Gene families show broad expansions across Portulacineae
In addition to looking at lineage-specific gene expansions, we also examined gene-family expansion without reference to a specific organismal lineage within Portulacineae. This same approach has been instrumental in revealing gene expansion and neo-functionalization implicated in the evolution of betalains (Yang et al. 2015; Brockington et al. 2015) in Caryophyllales. Here, we explored the top 20 most expanded gene families (hereafter, called TOP20, table 3). The TOP20 included genes encoding transporters, proteases, cytoskeletal proteins and enzymes that involved in photosynthetic pathways (table 3). Within them, some are implicated in responses to drought: the gene encoding plasma membrane intrinsic protein (PIP) is an aquaporin that can regulate the transport of water flux through membranes (Vandeleur et al. 2009), heat shock proteins can prevent proteins from aggregating or being rendered nonfunctional (Kiang and Tsokos 1998), and ubiquitin can correct or degrade misfunctional proteins (Hochstrasser 2009). But perhaps the most interesting gene radiations involve those encoding Phosphoenol-pyruvate carboxylase (PEPC, Silvera et al. 2014) and NADP-dependent malic enzyme catalyses (Ferreyra et al. 2003) that are key enzymes involved in CAM/C4 photosynthesis (Smith and Winter 1996; Cushman 2001). The role of gene duplication in the evolution of C4 photosynthesis has been contentious, and some authors have proposed that neo-functionalization of genes following duplication has not played a major role in the evolution of C4 photosynthesis (Gowik and Westhoff 2011; Williams et al. 2012; van den Bergh et al. 2014). However, recent analyses provide evidences that duplication and subsequent retention of genes is associated with the evolution of C4 photosynthesis (Emms et al. 2016), specifically including the NADP-dependent malic enzyme. Moreover, convergent evolution in several key amino acid residues of PEPC has been suggested to be associated with the origin of both C4 and CAM (Christin et al. 2007; Christin et al. 2014). A recent study has also confirmed the occurrence of multiple rounds of duplication within the major PEPC paralog (PEPC1E1) in the ancestral Portulacineae (Christin et al. 2014). Our analyses confirm that these genes have experienced expansions within the Portulacineae, suggesting a role of this process in the evolution and adaptation in this group.

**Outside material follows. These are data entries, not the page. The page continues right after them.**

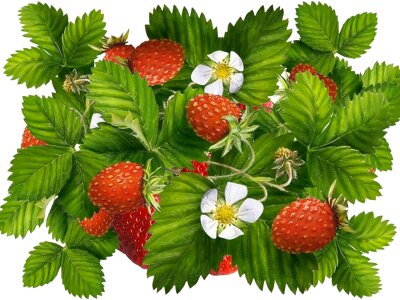 Flowers nature spring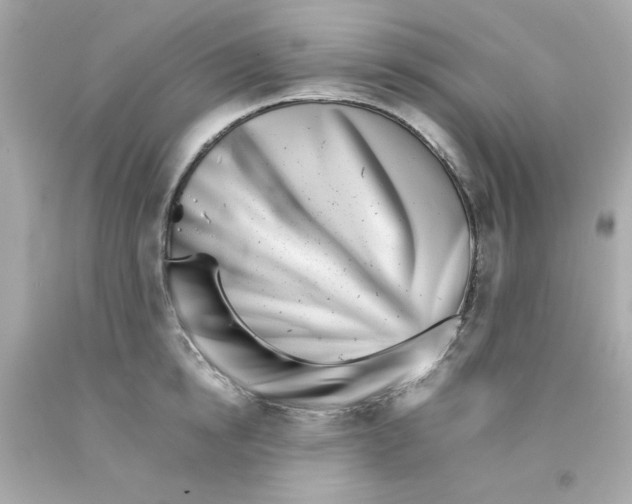 X0000093120854200710241301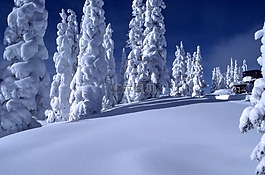 雪,冬天,冷
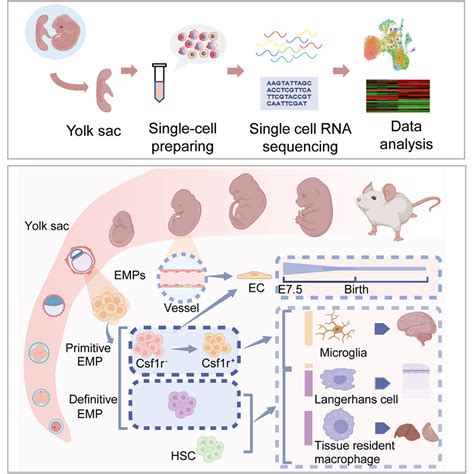 Single Cell Rna Sequencing Guided Fate Mapping Toolkit Delineates The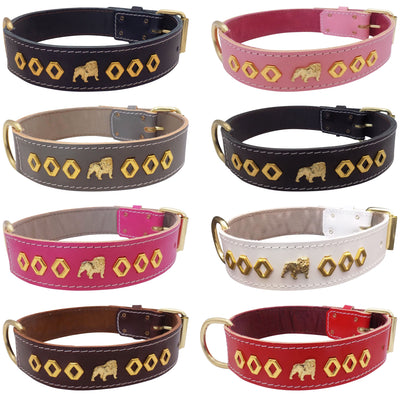 1.5" wide Leather Dog Collar with Unique Gold Design and English Bulldog Badges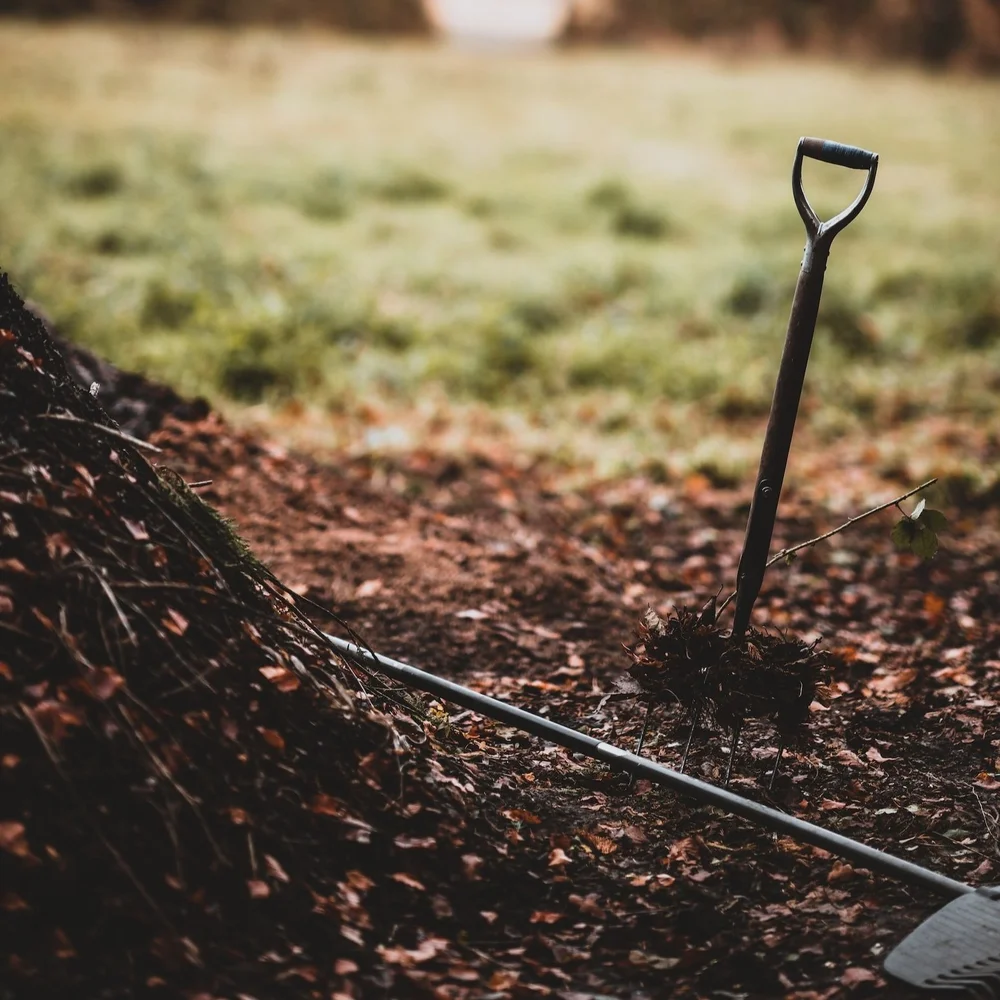 How to Make Leaf Mold — Mid Modern Mama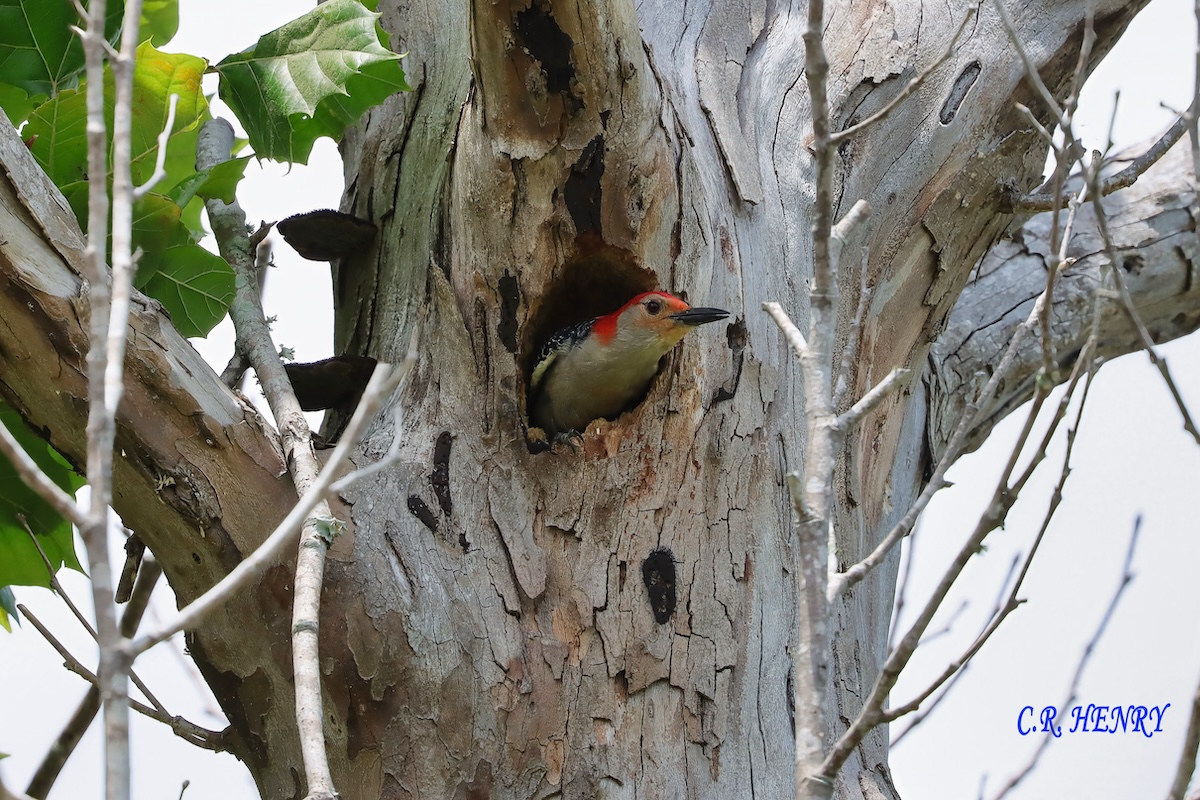 Red-bellied woodpecker peeks out of hiding place in The Villages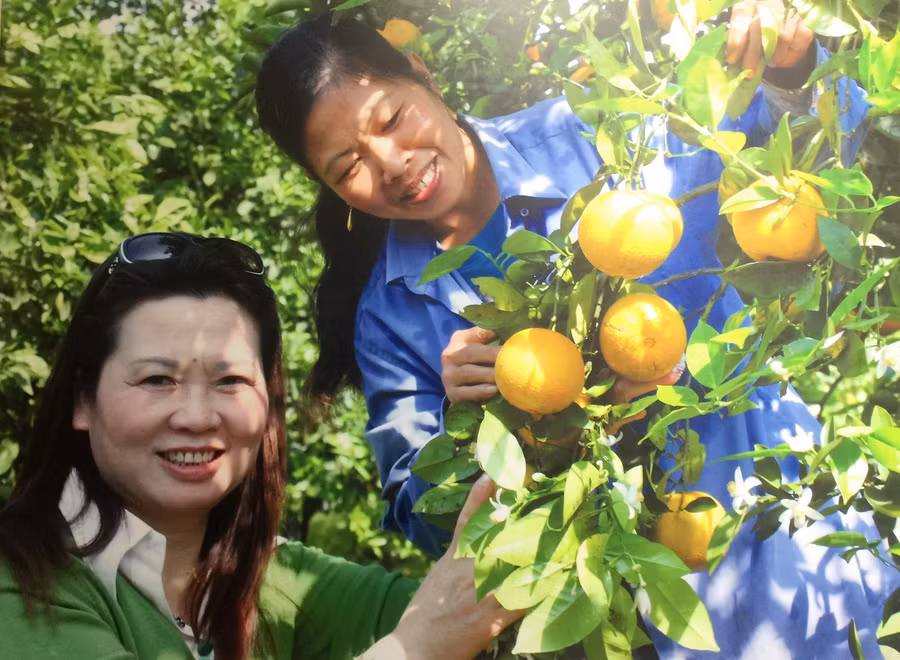 PGS Hà Thị Thúy (bên trái) bên cây cam không hạt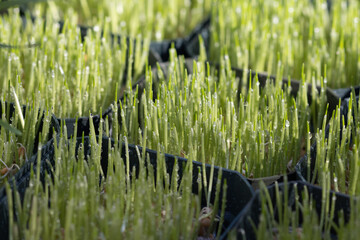 Fresh and micro greens at farmers market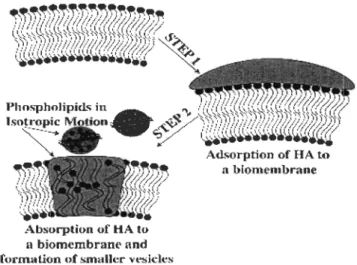 Figure  6:  Mécanismes  d 'ad/absorption  entre  la  matière  organique  naturelle  et  des  biomembranes à faibles  pH suggérés  par Elayan et al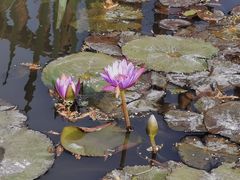 -五缘湾湿地公园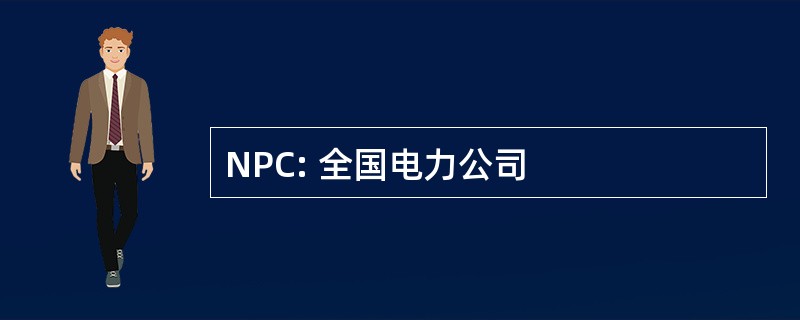 NPC: 全国电力公司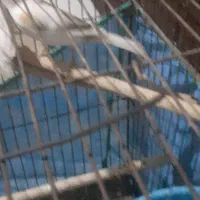 جفت قناری|پرنده|بندرعباس, |دیوار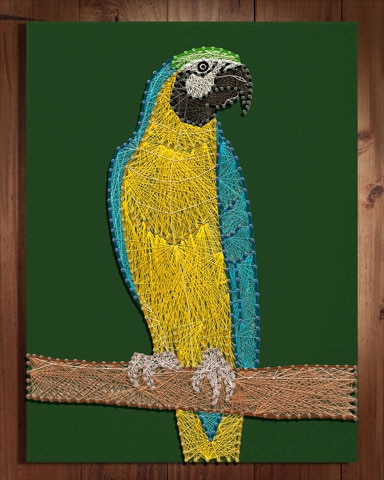 World Class Solitaire HD Macaws Nail and String Art Badge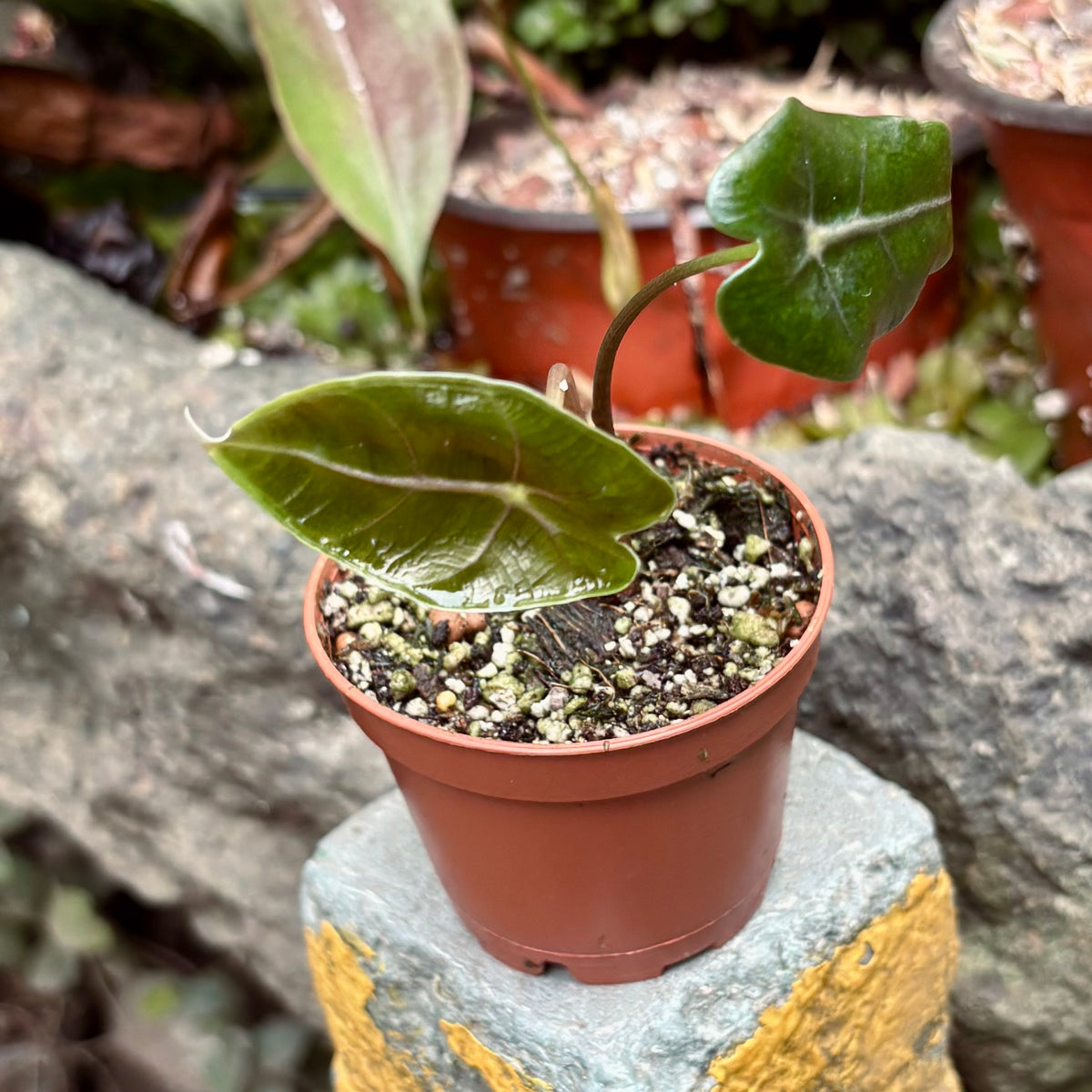 Alocasia Longiloba Suhirmaniana Purple Vein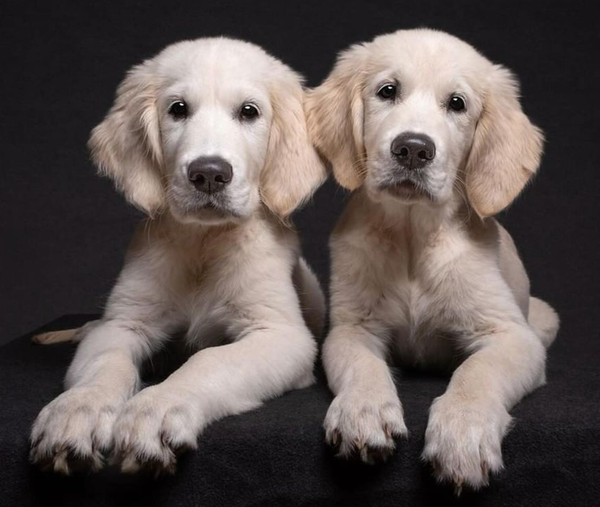 🐶❤️🐶 Check out these pups if you need a smile! 🐶❤️🐶 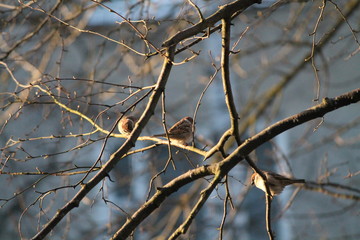 sparrow on the tree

Targeted analyses of drought and cold associated genes
We focused on a set of 29 functionally annotated genes known to be involved in drought and cold tolerance (table 4) as the Portulacineae have repeatedly evolved into cold and drought environments. We found almost all of these genes have experienced gene duplications including at the origin of Didiereoideae, within Montiaceae and within Cactaceae when only including nodes with SH-like support > 80 (fig. 3). Some of these lineages have experience WGDs, and so detecting gene-duplications with these genes is, perhaps, unsurprising. However, their maintenance and, in some cases, further expansion is notable. For example, we found duplications in WIN1 (SHN1) proteins in both Didiereoideae and Montiaceae (table 4). These proteins belong to the Apetala2/Ethylene Response Factor (AP2/ERF) family and are transcription factors associated with epicuticular wax biosynthesis that increases leaf surface wax content. Overexpression of this gene can reduce direct water loss through the cuticular layer and increase plant tolerance to abiotic stresses (Sajeevan et al. 2017).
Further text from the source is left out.